Deputy Prime Minister Winston Peters has mistakenly announced border wide screening for imported Australian strawberries.
Needles were found for the first time in New Zealand yesterday.
They were in a punnet imported from Western Australia and bought by a customer at St Lukes Countdown in Auckland.
A rash of similar cases had hit Australia over the past two weeks.
At this afternoon's post-Cabinet briefing, Mr Peters said the government would work to ensure any imported strawberries were safe.
"There's going to be, in terms of exporting into this country, screening of every strawberry punnet."
New Zealand authorities would conduct the screening, he said.
"Countdown themselves will be as well; there'll be no more strawberries come into this country without being all screened."
What does the screening look like? a reporter at the briefing asked.
"Well it looks like something capable of detecting metal in them," Mr Peters replied.

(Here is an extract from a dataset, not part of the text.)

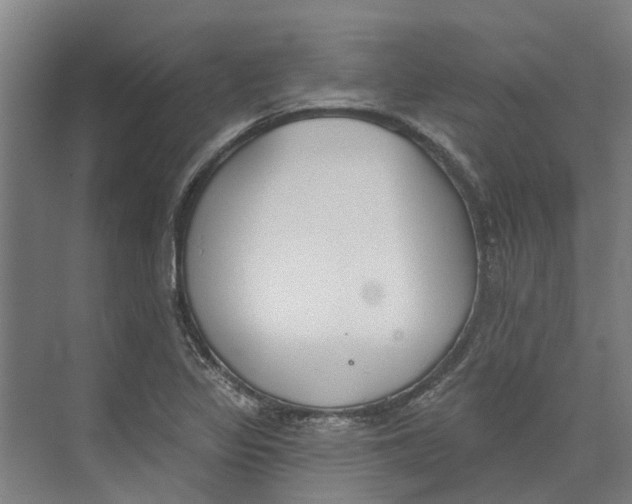 X0000073971317200609111732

He was asked if New Zealand airports had the necessary technology.
"Well I don't know... other than to say - if it's strawberries it'll be going through that sort of rigorous investigation before it lands on our shelves of our supermarkets."
However, Primary Industries Minister Damien O'Conner said that was not correct as there would be no new checks.

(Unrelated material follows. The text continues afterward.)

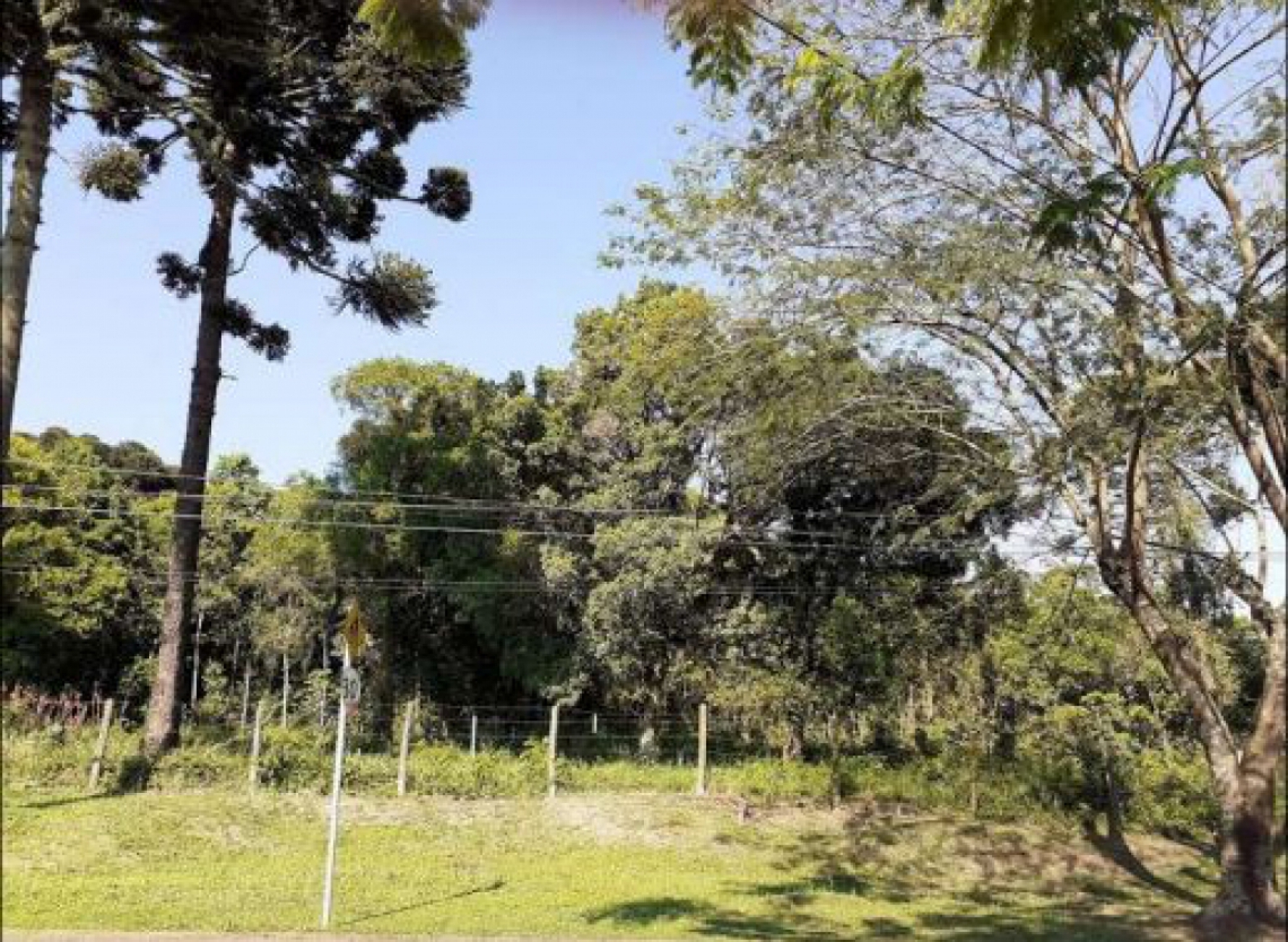 Macaque in the trees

Australian authorities had decided to impose metal detection screening on all strawberry exports, Mr O'Conner's office said.
MPI director of food safety Paul Danstead told Checkpoint last week MPI would "hunt down" any copycat saboteurs in New Zealand.

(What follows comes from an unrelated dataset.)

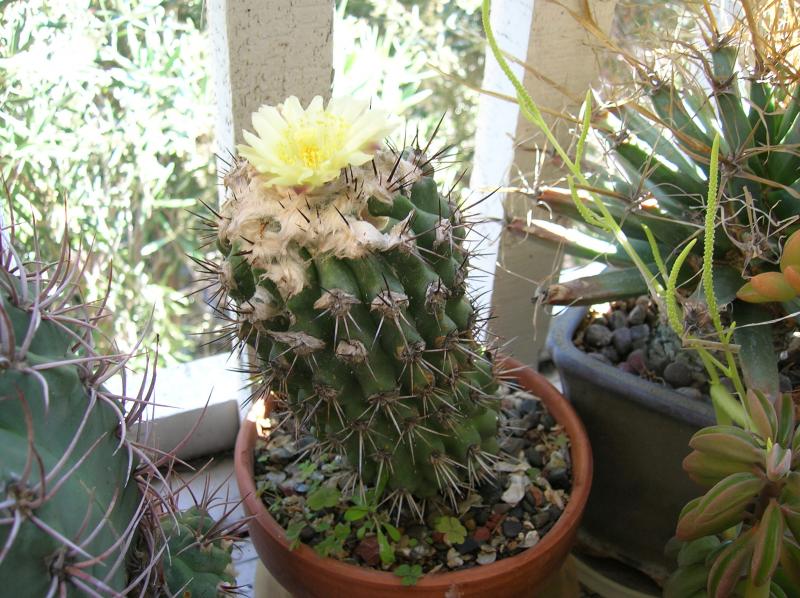 Copiapoa esmeraldana (05-16-2012)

He said Australian strawberries were still coming into the country, and he was unsure as to the origin of the needles.
"The initial indications were strawberries with needles in them from a particular line, that appeared to be the factor in front of us so we [didn't] think that additional restrictions were required at that time," he said.
"What we have in front of us now appears to be something different, but that is a basis for a police investigation."
Mr Danstead said the strawberries exported from Australia were checked through a metal detector before they left the country.
The crisis had come just as strawberry growers here were about to put their fruit on the market.
Auckland grower, Phil Greig, supplied the fruit to supermarkets across the country.
He was confident the needles found yesterday were put there in Australia, before the fruit was imported to New Zealand.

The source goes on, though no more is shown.